Let $\alpha$ have the minimal polynomial $x^2 + x+1 =0$ over $\mathbb Q$ , I have to find the expression of the element $\frac {\alpha^2 +1}{\alpha^2 -1}$ in the form $a+b\alpha$ for some $a,b \in \mathbb Q $ .
We have $\alpha^2 + \alpha + 1 = 0 $ , also
$\frac {\alpha^2 +1}{\alpha^2 -1}$ = ${\alpha \over \alpha - 1} - \frac {1}{\alpha + 1}$ , I can't move further, Any help!
Thank you ..
On
The gcd of $x^2 + x + 1$ and $x^2 - 1$ is $1$ and you have $$1 = \frac{1}{3} (x-1) (x^2 - 1) - \frac{1}{3}(x-2) (x^2 + x + 1)$$ Plugging in $\alpha$ makes the second summand zero, so you have $$1 = \frac{1}{3} (\alpha - 1) (\alpha^2 - 1) $$ In other words $$ \frac{1}{\alpha^2 - 1} = \frac{1}{3}(\alpha -1)$$ It follows that $$ \frac{\alpha^2+1}{\alpha^2 -1} = \frac{1}{3}(\alpha^2 +1)(\alpha -1)$$ which you can expand and simplify using the relation $\alpha^2 + \alpha + 1 = 0$.

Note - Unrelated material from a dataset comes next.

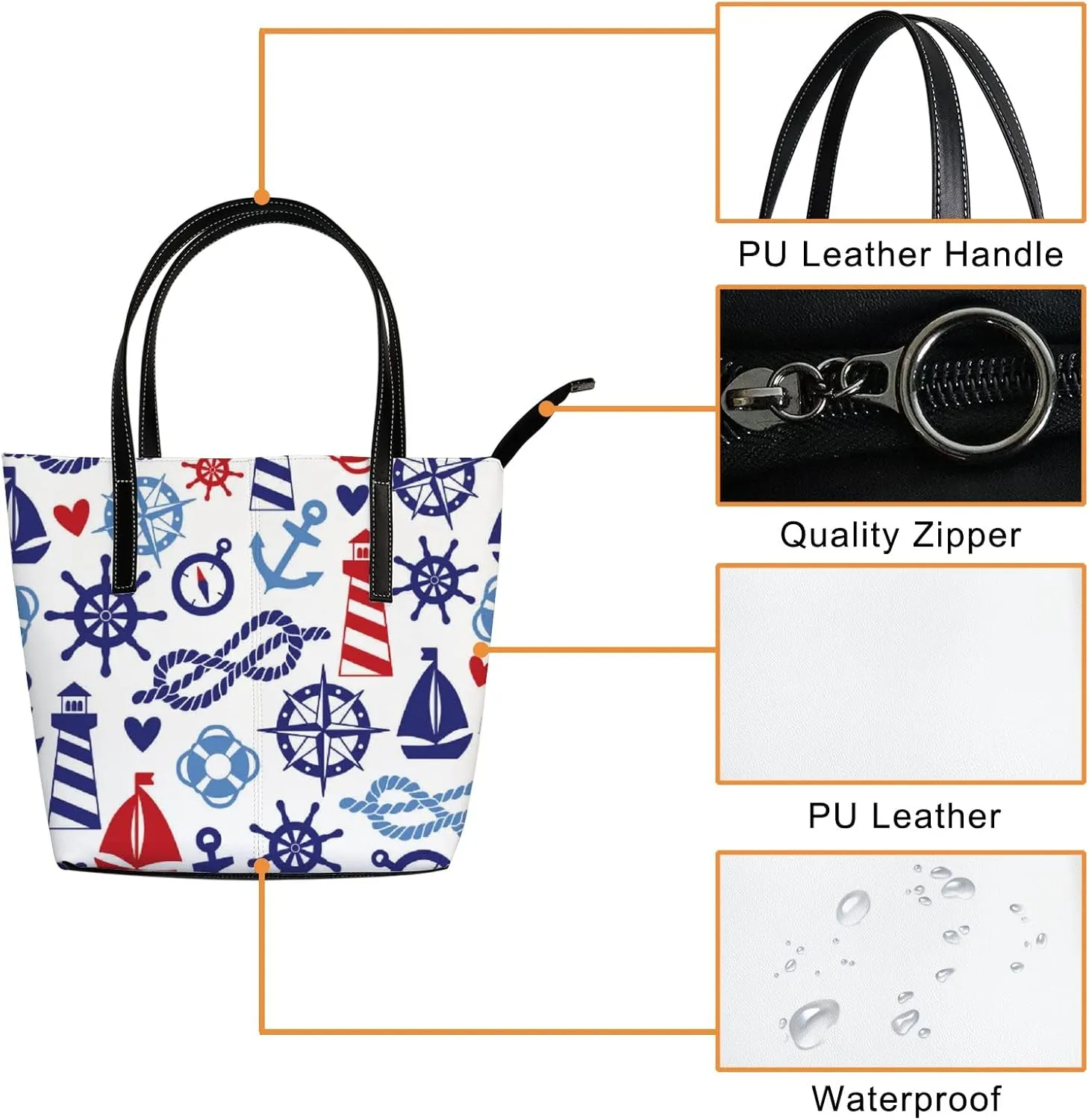 Tote Bag for Women Leather Handbags Women's Handbags Work Coach Handbags Tote Bag with Zipper.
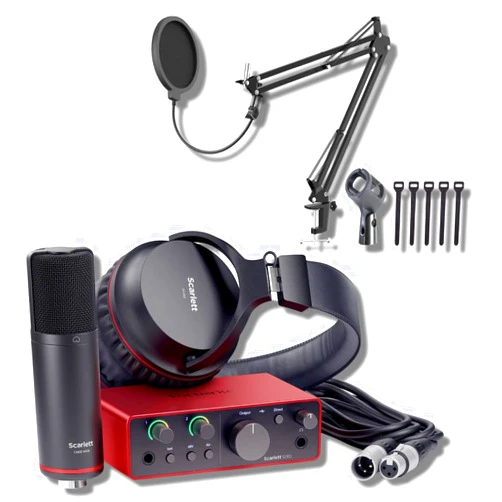 StreamEye Focusrite Scarlett Solo Studio 4th Gen USB Audio Interface Bundle with StreamEye Boom Arm Mic Stand Desktop Mount, Detachable Clip, Professional Grade XLR Cable, Microphone Pop Filter and Cable Ties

You could write $\alpha=-\frac12(1+i\sqrt3)$ and use the usual arithmetic of complex numbers.
Alternatively $$\frac{\alpha^2+1}{\alpha^2-1}=\frac{-\alpha}{-\alpha-2}.$$ You need to find real $x$ and $y$ with $$\alpha=(x+y\alpha)(\alpha+2).$$ You can expand this out, using $\alpha^2=-\alpha-1$ to get two linear equations for $x$ and $y$.